Another important mechanism is the declaration of incompatibility which clearly marks the separation of powers between the courts and Parliament.
Section 4 of the HRA provides that, in any proceedings in which a court considers that a provision of legislation is incompatible with a Convention right, ‘it may make a declaration of that incompatibility’. Section 4(6) makes clear, however, that a declaration of incompatibility ‘does not affect the validity, continuing operation or enforcement of the provision in respect of which it is given’.
How does it work?
As stated above, the primary obligation of the court is, so far as it is possible to do so, to read and give effect to primary legislation and subordinate legislation in a way which is compatible with the Convention rights. Where legislation is inconsistent with the Convention rights then the court may issue a declaration of incompatibility.
The case of R (Wright and others) v Secretary of State for Health113is an example of how declarations of incompatibility work.
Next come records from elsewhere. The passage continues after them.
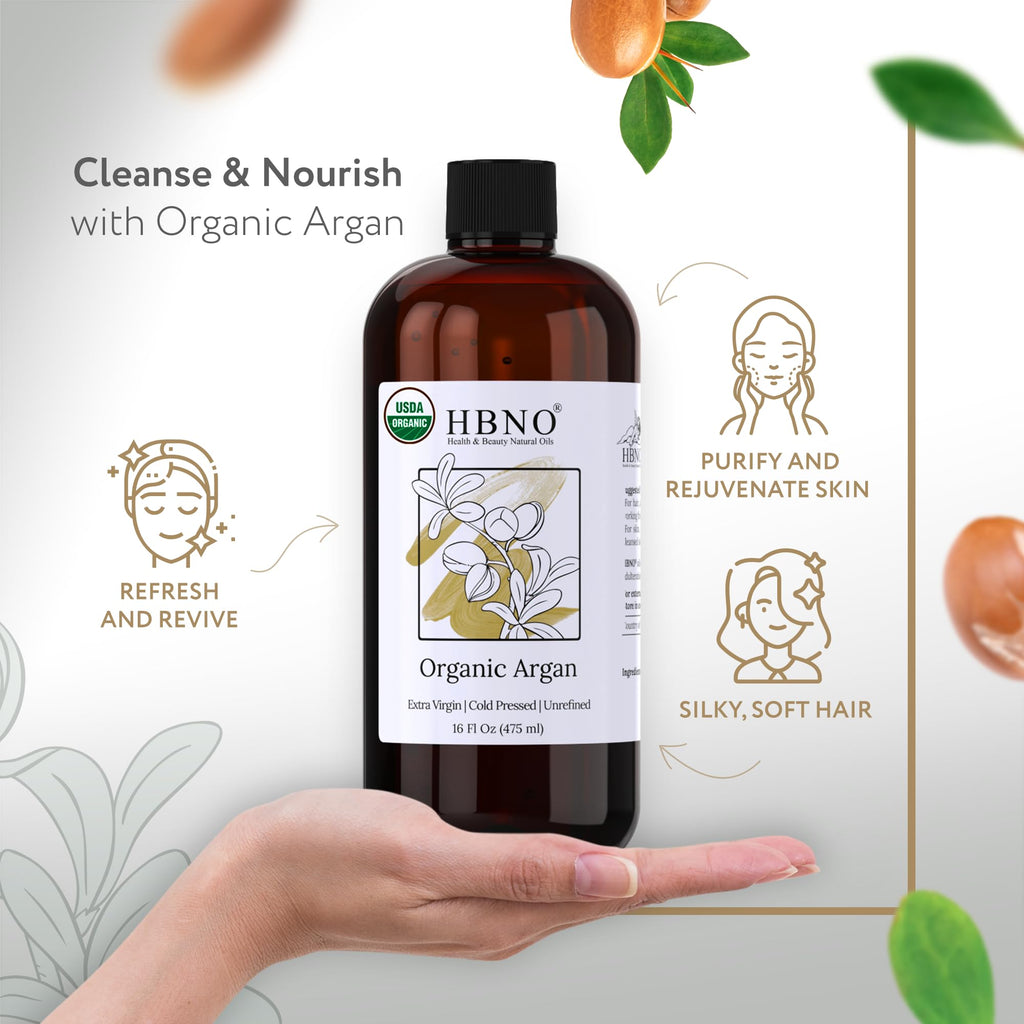 HBNO Organic Argan Oil - 16 oz Cold-Pressed Carrier Oil for Massage, Skin, Hair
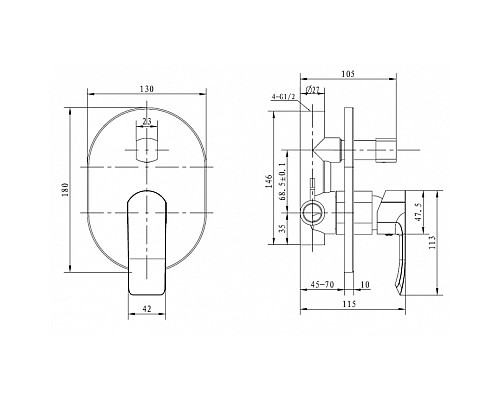Смеситель для ванной KAISER Aurora 67277
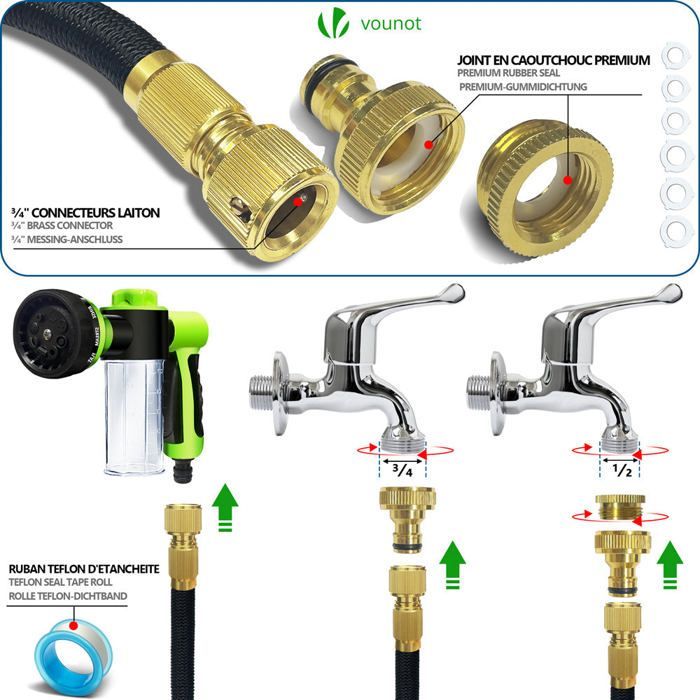 VOUNOT® Tuyau d'arrosage extensible renforcé 30m noir avec récipient savon - 8 modes - raccord et sac de rangement inclus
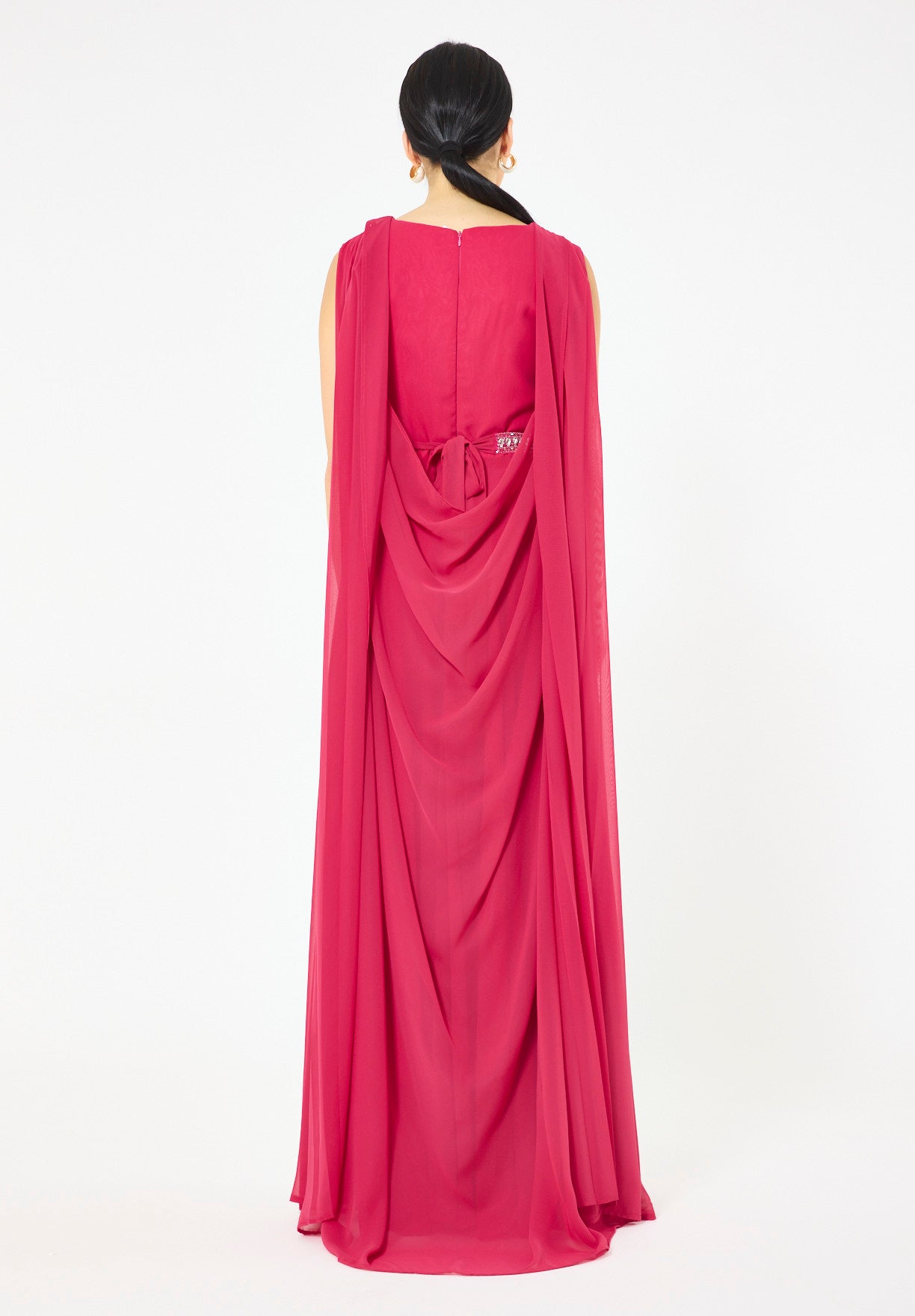 Crystal-Embellished Cape Detail Flowy Dress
This case concerned care workers who did not have an opportunity to challenge their provisional classification as unsuitable to work with vulnerable adults. They claimed a breach of their rights to a fair trial (article 6) and to privacy (article 8).
The Protection of Vulnerable Adults (POVA) scheme in England and Wales was a system set out in the Care Standards Act 2000, which was developed, promoted and controlled by the Department of Health for the purpose of acting as a workforce ban on those people who had been proven to have harmed vulnerable people in their care. A care worker could be provisionally placed on a Protection of Vulnerable Adults List (POVA) pending the determination of an investigation.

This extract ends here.